Humans have a proclivity for framing issues as dichotomies — this and that, right and wrong, black and white, us and them. Old Sengtsan would have called this “dualism.”

Dualism is actively at work distorting our ongoing political discussions. For example, few days ago Glenn Greenwald wrote about the Iraq Study Group:

But more notable than the supposed exclusion of neocons (something that should be believed only once it is seen) is this claim about Washington-style balance and “centrism”:

    The panel was deliberately skewed toward a centrist course for Iraq, participants said. Organizers avoided experts with extreme views on either side of the Iraq war debate.

I’d really like to know what the excluded anti-war “extreme view” is that is the equivalent of the neonconservative desire for endless warfare in Iraq and beyond. The only plausible possibility would be the view that the U.S. ought to withdraw from Iraq, and do so sooner rather than later. What else could it be? Nobody, to my knowledge, is proposing that we cede American territory to the Iraqi insurgents, so withdrawal essentially defines the far end of the anti-war spectrum.

Is withdrawal — whether incremental or total — considered to be an “extreme view” that the Washington “centrists” have not only rejected but have excluded in advance even from consideration?

Good question, and I fear the Baker panel does consider withdrawal to be an extreme view not under consideration. We’ll see.

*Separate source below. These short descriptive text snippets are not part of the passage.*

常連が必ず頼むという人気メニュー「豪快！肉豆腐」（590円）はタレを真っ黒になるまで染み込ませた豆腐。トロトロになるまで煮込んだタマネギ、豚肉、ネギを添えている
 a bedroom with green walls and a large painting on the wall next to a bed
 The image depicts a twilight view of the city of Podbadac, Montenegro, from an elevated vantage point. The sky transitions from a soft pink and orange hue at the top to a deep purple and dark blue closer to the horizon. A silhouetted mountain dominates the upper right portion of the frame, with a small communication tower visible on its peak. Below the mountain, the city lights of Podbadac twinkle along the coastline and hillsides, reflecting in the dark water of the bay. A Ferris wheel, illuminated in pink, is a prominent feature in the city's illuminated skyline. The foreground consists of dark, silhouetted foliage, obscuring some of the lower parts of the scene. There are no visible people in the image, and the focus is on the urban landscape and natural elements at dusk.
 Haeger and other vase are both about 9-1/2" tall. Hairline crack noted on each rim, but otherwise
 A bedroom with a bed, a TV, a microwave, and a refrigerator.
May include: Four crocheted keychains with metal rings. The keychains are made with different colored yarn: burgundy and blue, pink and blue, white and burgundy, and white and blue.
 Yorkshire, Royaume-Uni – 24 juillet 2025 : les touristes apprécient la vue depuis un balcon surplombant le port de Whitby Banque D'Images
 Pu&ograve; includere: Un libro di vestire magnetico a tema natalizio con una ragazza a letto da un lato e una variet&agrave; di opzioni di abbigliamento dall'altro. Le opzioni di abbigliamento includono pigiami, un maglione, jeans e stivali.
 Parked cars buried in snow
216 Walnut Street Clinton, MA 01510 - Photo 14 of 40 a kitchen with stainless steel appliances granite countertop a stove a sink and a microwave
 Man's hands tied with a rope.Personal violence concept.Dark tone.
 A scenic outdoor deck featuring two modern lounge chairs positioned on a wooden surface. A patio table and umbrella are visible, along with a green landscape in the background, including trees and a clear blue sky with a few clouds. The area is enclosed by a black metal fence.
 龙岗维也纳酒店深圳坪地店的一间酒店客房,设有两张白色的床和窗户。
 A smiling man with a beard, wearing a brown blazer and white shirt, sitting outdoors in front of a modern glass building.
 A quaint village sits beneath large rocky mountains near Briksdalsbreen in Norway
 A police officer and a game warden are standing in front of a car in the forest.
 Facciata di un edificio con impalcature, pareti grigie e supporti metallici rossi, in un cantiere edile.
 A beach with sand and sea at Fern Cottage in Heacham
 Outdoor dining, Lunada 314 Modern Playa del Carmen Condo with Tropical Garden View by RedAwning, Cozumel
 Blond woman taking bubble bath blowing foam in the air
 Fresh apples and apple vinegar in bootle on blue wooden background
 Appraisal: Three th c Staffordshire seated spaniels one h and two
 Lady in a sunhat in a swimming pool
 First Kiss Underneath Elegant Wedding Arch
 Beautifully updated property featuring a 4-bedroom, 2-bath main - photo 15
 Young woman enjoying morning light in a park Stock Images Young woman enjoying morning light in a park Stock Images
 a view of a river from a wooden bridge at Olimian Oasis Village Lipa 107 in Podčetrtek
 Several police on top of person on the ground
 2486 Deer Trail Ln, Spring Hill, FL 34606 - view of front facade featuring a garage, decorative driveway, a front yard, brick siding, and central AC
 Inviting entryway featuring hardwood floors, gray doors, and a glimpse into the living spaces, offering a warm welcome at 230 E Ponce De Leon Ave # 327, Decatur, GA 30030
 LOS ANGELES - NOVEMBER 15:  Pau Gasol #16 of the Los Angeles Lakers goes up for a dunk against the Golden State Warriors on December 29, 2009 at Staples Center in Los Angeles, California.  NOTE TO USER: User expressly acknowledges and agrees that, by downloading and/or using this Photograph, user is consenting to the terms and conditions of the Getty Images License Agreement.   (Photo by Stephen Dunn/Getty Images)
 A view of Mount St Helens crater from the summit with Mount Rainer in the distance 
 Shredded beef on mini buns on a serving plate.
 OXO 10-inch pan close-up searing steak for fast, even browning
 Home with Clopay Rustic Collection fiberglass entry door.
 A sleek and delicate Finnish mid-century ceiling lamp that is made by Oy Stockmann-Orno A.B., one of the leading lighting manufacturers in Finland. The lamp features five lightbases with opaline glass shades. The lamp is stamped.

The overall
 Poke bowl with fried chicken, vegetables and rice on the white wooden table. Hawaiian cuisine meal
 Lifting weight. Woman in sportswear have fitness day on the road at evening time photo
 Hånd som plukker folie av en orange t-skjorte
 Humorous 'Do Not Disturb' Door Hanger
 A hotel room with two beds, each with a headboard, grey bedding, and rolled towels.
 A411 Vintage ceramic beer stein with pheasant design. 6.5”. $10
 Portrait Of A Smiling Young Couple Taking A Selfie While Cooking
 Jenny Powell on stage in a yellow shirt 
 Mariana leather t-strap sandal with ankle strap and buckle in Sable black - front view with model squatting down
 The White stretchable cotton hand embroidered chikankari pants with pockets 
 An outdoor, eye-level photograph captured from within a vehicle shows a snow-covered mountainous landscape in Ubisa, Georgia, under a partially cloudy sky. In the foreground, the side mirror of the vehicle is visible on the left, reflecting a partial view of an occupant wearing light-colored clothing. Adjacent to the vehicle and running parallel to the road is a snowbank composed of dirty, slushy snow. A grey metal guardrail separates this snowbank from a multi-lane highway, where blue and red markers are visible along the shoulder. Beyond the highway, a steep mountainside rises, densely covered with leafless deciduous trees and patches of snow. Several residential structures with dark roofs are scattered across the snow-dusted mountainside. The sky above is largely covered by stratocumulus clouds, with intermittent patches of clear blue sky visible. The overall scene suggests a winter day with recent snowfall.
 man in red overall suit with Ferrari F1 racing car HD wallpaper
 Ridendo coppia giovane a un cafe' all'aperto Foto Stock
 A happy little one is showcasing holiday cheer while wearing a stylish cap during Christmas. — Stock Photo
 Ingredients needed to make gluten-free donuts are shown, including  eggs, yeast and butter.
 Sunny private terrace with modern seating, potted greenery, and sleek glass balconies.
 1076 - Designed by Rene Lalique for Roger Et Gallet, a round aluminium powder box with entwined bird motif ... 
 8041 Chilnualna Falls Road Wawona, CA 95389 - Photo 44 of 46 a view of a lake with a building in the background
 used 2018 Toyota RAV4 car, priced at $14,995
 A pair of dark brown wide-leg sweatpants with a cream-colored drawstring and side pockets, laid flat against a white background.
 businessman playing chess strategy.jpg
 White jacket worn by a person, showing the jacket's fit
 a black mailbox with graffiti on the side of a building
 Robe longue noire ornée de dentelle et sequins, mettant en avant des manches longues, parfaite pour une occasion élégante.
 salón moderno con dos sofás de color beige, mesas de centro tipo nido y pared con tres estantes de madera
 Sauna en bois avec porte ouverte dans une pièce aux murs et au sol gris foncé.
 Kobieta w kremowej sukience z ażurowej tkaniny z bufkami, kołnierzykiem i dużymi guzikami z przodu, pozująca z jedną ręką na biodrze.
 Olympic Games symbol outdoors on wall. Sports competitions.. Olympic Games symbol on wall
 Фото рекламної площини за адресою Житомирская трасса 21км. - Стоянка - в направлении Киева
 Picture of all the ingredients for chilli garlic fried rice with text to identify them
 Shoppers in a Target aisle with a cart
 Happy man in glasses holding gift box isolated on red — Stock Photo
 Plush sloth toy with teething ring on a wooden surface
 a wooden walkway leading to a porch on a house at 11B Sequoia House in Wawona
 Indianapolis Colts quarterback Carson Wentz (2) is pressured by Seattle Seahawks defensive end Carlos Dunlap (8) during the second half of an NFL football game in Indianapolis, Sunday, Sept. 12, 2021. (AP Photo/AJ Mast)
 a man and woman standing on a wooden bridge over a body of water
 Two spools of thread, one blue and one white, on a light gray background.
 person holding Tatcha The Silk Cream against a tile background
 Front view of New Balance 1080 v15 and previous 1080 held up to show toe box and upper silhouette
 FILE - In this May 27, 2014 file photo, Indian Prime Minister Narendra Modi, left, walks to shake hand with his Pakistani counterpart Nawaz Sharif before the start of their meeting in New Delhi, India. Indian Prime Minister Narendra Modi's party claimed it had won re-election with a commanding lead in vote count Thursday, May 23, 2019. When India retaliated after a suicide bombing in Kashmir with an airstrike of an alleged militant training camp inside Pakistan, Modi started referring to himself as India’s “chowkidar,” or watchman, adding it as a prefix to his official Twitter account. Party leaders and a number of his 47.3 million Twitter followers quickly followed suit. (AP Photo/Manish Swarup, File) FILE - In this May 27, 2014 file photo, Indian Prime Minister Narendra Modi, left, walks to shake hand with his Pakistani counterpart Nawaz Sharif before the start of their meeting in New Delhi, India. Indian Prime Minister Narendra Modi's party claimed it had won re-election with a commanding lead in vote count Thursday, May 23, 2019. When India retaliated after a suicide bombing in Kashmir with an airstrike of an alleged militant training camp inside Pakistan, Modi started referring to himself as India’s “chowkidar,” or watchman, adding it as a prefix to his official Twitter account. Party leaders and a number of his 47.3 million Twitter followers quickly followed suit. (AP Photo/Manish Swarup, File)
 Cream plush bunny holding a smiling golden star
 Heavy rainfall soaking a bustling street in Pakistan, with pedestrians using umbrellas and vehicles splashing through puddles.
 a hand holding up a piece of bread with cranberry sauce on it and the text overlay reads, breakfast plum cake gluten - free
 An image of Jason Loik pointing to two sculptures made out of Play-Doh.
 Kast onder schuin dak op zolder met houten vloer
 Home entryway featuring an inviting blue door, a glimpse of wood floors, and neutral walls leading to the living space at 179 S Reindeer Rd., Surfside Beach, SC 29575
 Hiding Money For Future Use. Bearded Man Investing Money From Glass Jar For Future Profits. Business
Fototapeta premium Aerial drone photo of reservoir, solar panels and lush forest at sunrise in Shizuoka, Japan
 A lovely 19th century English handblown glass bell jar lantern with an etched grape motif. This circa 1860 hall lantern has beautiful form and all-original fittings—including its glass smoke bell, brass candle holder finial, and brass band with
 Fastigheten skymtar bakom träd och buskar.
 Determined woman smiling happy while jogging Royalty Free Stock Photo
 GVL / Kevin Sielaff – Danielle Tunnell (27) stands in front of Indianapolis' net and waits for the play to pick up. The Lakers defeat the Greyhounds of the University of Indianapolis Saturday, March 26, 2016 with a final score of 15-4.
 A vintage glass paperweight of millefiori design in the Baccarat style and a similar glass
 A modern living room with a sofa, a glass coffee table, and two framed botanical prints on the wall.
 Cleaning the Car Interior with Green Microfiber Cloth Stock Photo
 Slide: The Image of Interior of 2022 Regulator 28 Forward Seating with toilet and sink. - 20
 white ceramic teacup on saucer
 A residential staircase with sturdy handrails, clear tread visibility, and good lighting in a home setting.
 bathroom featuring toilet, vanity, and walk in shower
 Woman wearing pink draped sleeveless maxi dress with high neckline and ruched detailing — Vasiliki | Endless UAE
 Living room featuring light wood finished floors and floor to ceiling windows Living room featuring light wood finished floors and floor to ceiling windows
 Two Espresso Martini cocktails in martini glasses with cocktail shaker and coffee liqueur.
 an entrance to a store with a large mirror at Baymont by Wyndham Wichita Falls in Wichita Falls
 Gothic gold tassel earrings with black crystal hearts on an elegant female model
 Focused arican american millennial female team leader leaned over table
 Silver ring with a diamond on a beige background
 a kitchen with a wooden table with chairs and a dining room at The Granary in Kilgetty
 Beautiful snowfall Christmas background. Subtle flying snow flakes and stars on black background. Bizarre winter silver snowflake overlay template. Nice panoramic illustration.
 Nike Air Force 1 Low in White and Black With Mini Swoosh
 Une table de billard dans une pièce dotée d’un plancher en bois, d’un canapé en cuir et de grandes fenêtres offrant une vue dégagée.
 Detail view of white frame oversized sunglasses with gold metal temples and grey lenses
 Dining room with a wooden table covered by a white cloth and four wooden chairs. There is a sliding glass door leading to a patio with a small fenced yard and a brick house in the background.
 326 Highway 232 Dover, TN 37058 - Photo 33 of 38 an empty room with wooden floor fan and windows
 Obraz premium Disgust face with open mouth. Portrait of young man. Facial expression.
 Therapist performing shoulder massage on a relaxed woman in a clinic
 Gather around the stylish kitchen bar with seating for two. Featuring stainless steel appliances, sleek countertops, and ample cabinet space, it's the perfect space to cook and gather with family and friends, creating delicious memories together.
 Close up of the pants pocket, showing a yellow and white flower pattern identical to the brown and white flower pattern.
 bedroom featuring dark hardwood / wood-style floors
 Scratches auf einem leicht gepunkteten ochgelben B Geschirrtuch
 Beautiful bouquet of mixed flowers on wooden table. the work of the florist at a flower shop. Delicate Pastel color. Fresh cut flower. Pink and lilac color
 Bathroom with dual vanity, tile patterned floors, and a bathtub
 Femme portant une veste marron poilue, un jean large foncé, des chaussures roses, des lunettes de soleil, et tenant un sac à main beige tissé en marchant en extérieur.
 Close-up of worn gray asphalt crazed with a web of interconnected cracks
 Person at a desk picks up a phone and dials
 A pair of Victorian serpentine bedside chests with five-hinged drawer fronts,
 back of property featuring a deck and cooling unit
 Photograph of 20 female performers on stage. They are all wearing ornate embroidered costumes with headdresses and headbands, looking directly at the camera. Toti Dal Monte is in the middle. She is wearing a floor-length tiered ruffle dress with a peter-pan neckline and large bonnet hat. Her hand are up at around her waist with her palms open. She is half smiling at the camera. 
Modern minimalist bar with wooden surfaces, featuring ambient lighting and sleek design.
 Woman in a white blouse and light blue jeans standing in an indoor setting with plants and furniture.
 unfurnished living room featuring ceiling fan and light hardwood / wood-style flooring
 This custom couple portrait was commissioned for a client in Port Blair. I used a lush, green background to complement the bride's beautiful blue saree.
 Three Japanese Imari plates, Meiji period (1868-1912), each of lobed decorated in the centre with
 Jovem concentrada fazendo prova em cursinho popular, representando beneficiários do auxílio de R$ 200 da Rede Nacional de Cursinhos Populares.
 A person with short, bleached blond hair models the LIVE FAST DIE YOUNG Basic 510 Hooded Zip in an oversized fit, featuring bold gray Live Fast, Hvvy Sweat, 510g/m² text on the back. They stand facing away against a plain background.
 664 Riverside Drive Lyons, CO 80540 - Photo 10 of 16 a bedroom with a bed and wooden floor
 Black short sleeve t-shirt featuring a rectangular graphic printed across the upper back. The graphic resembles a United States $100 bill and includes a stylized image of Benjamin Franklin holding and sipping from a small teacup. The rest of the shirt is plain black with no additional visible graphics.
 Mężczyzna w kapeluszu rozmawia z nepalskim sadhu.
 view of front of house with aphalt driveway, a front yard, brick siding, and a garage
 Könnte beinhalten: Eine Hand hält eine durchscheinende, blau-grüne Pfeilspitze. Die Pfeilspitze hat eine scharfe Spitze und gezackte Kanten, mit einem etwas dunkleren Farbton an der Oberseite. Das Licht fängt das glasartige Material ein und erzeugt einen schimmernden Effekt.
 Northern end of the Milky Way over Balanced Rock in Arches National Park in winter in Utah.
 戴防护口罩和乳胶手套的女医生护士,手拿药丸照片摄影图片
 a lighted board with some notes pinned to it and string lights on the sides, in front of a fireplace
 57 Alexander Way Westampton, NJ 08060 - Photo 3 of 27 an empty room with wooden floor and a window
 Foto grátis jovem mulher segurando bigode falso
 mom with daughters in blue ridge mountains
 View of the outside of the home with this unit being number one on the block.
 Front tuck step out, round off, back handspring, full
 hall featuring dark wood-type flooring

But I’ve long believed news media screws up discussion of abortion the same way. We’re told there are two “extremist” views, pro- and anti. But what is the “pro” extreme view? I know of no reproductive rights organization that advocates elective third-trimester abortion, for example. Reproductive rights organizations have been fighting to maintain Roe v. Wade, which allows states to ban abortions after the 23rd week gestation (earliest possible viability; late second trimester) as long as exceptions are made for life and health of the mother. That’s extreme? Extremists on the other side not only want to eliminate the “health” exception. They’re not crazy about the “life,” “rape,” and “incest” exceptions, either. And don’t get them started on birth control.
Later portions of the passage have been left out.